_THE TASK_
Transcribe, word for word, the line containing "முதல்வர் ஸ்டாலினிடம் வைரல்" and each line following it through the end of the listing below. Omit all other lines.

_RECORDS FOR THIS TASK_
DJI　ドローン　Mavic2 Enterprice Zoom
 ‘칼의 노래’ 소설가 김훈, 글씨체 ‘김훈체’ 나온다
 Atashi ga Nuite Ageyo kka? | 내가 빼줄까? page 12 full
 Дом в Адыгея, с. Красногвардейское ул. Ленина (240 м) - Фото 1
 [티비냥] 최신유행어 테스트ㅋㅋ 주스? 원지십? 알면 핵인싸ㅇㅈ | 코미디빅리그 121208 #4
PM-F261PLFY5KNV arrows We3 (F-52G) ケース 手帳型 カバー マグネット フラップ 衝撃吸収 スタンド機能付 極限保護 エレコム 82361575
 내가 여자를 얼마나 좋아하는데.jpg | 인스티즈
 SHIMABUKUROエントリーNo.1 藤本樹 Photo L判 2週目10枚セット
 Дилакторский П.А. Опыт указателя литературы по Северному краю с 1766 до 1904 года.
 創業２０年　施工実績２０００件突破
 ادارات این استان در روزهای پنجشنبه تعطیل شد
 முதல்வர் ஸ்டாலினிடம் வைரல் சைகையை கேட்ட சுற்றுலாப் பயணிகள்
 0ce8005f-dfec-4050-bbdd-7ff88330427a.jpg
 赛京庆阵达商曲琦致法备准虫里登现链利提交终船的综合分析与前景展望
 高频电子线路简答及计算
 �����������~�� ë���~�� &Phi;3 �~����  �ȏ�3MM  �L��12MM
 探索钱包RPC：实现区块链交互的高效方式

_EXERCISE RESPONSE_
 முதல்வர் ஸ்டாலினிடம் வைரல் சைகையை கேட்ட சுற்றுலாப் பயணிகள்
 0ce8005f-dfec-4050-bbdd-7ff88330427a.jpg
 赛京庆阵达商曲琦致法备准虫里登现链利提交终船的综合分析与前景展望
 高频电子线路简答及计算
 �����������~�� ë���~�� &Phi;3 �~����  �ȏ�3MM  �L��12MM
 探索钱包RPC：实现区块链交互的高效方式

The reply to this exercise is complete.